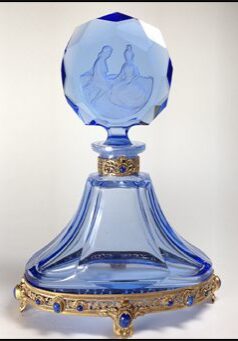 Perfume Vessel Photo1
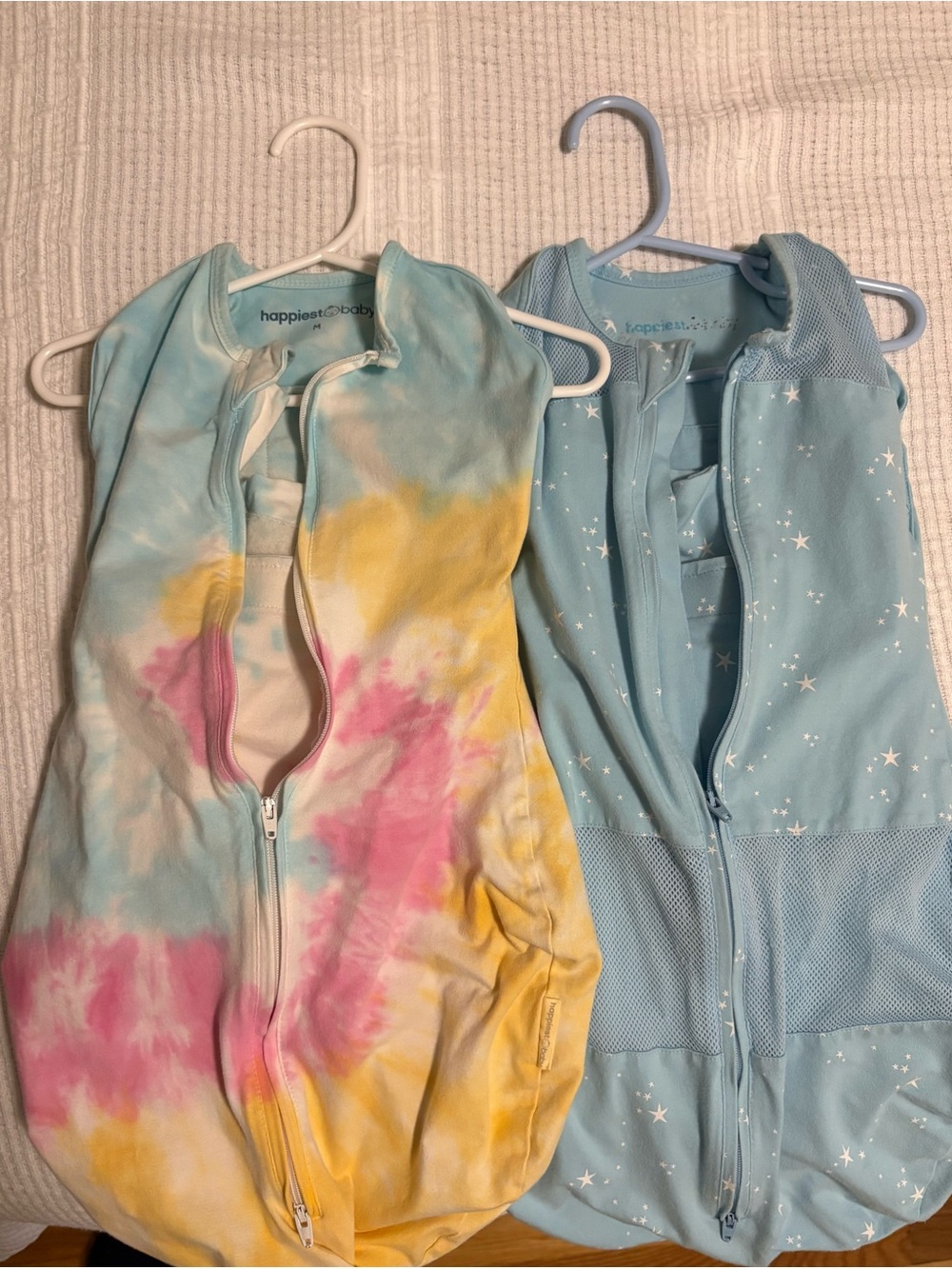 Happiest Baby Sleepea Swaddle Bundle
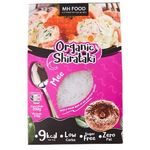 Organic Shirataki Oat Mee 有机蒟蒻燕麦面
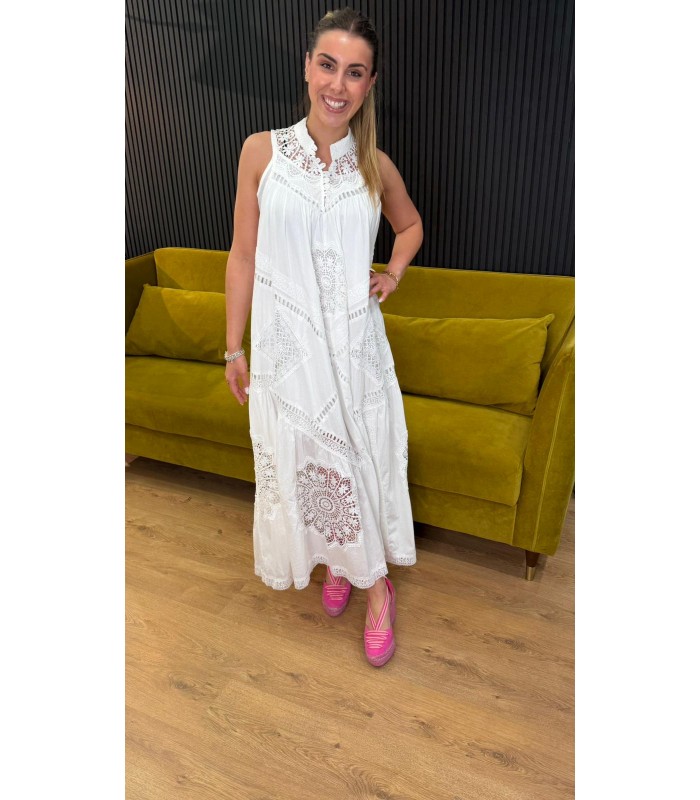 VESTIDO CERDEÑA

-------------------------

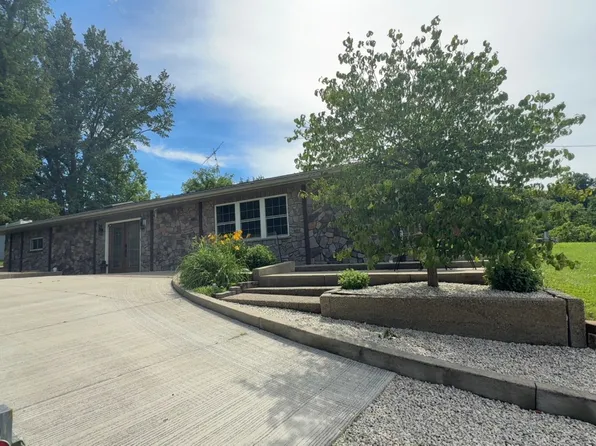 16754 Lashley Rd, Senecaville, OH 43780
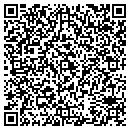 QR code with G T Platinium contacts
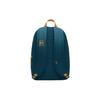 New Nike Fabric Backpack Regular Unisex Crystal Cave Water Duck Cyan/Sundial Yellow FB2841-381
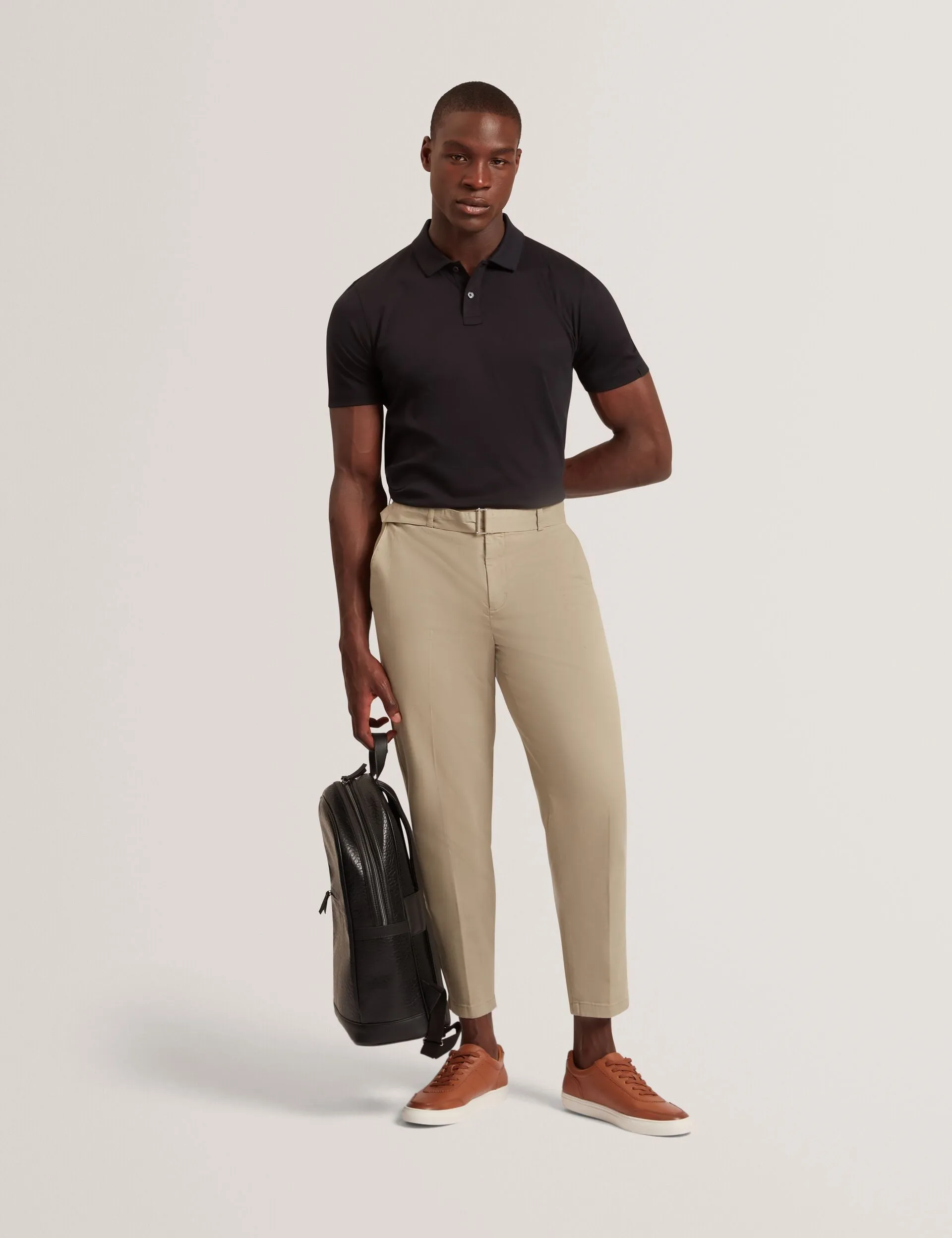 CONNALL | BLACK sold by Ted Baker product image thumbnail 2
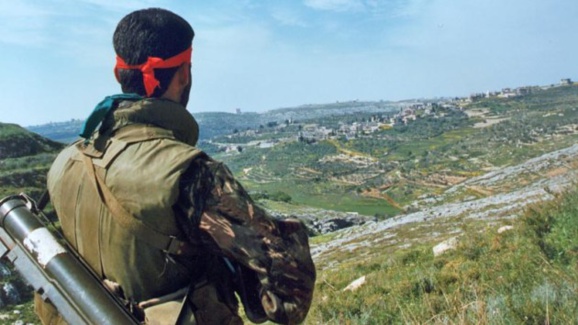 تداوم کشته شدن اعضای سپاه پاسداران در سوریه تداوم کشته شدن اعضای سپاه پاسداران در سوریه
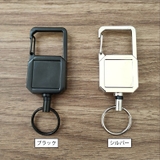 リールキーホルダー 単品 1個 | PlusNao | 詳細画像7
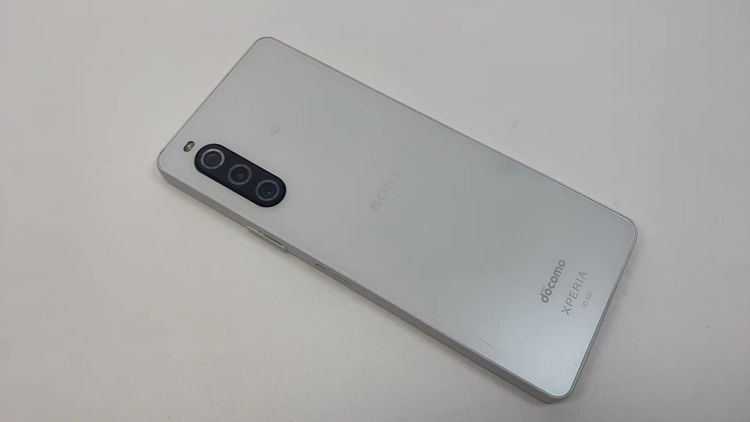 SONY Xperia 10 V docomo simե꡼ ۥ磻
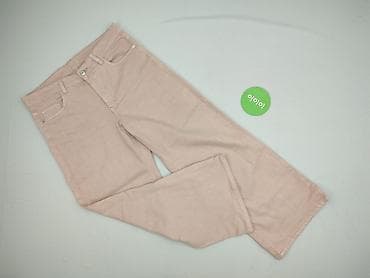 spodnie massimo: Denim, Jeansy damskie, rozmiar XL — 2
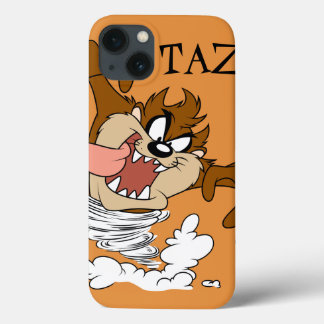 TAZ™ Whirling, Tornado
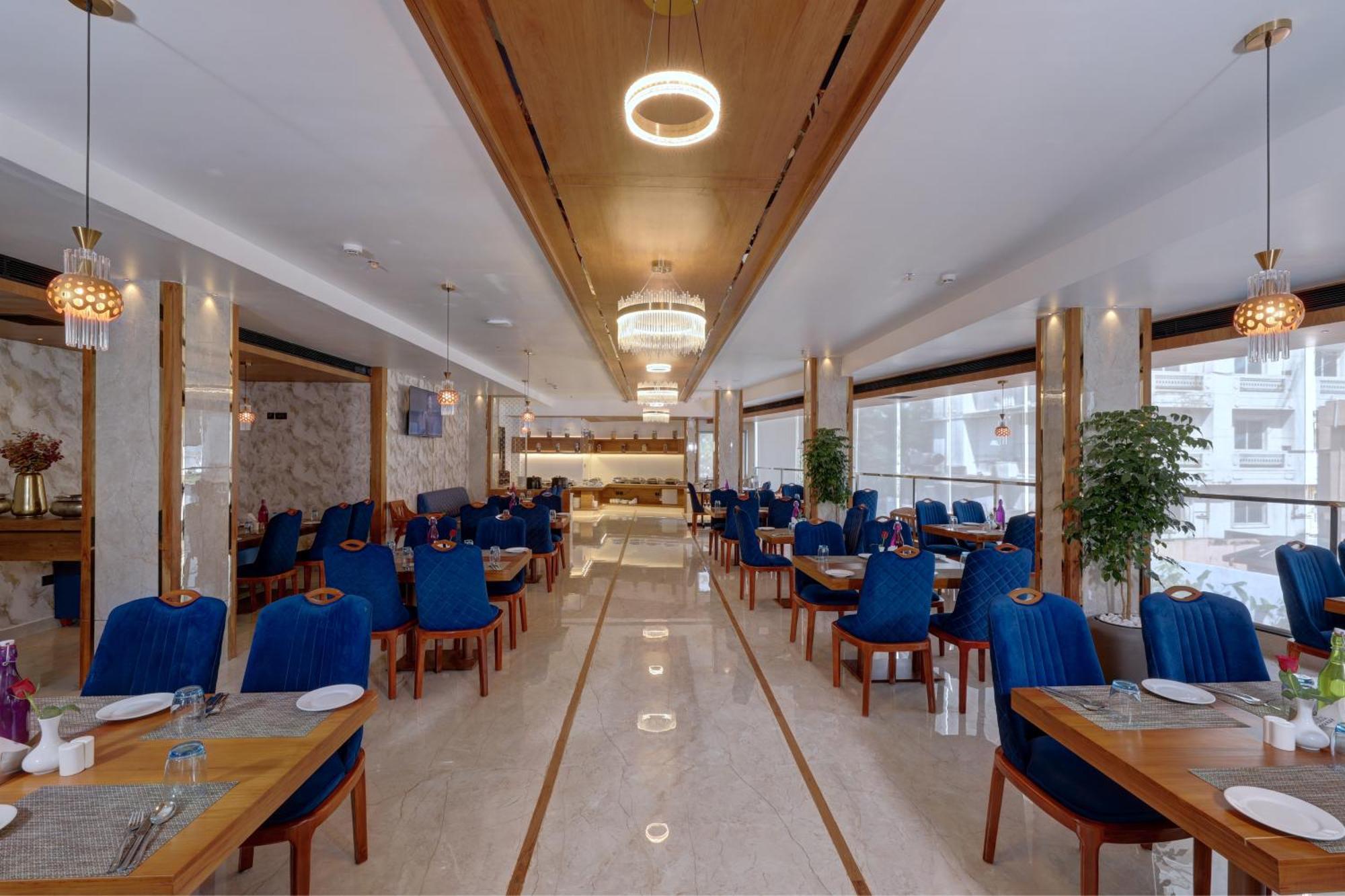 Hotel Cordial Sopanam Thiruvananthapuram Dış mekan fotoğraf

-------------------------

Work task: Transcribe only the lines above that start at the line containing "TAZ™ Whirling, Tornado" and end at the line containing "Hotel Cordial Sopanam". Omit pictures.

Result of the task:
 TAZ™ Whirling, Tornado
 Hotel Cordial Sopanam Thiruvananthapuram Dış mekan fotoğraf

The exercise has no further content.